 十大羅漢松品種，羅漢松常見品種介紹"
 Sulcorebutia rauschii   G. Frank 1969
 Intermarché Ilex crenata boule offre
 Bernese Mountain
◇ ◇ ◇ ◇ ◇
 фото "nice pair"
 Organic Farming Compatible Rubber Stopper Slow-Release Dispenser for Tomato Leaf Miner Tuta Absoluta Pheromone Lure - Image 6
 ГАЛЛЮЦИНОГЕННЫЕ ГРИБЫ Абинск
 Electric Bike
◇ ◇ ◇ ◇ ◇
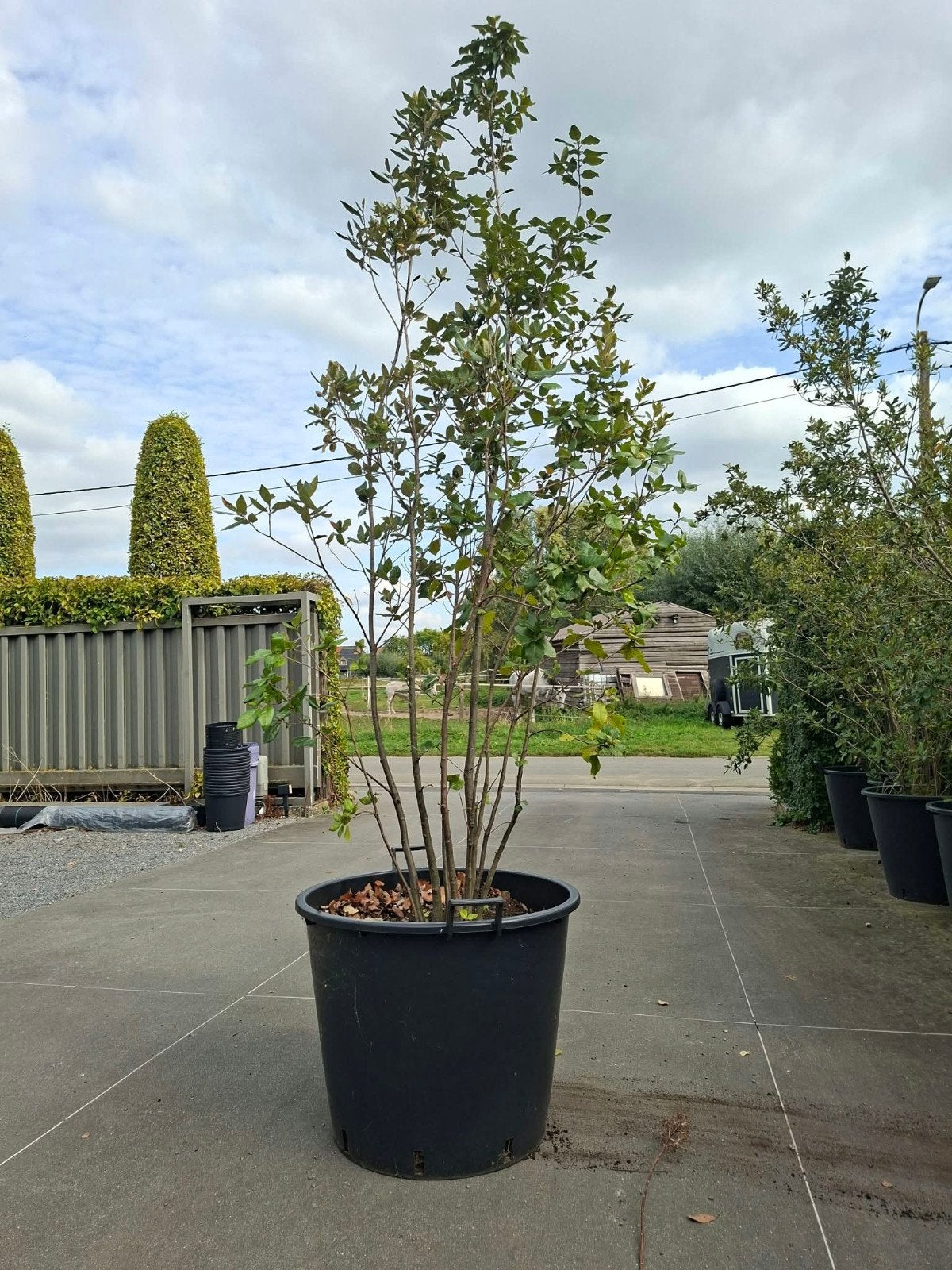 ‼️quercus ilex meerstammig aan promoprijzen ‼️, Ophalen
◇ ◇ ◇ ◇ ◇
> _WORK TO BE COMPLETED_: In the listing above, locate the line with "Organic Farming Compatible" and the line with "Electric Bike", then extract exactly those lines and every line between them, and nothing more.

> _OUTPUT FOR THIS EXERCISE_:
 Organic Farming Compatible Rubber Stopper Slow-Release Dispenser for Tomato Leaf Miner Tuta Absoluta Pheromone Lure - Image 6
 ГАЛЛЮЦИНОГЕННЫЕ ГРИБЫ Абинск
 Electric Bike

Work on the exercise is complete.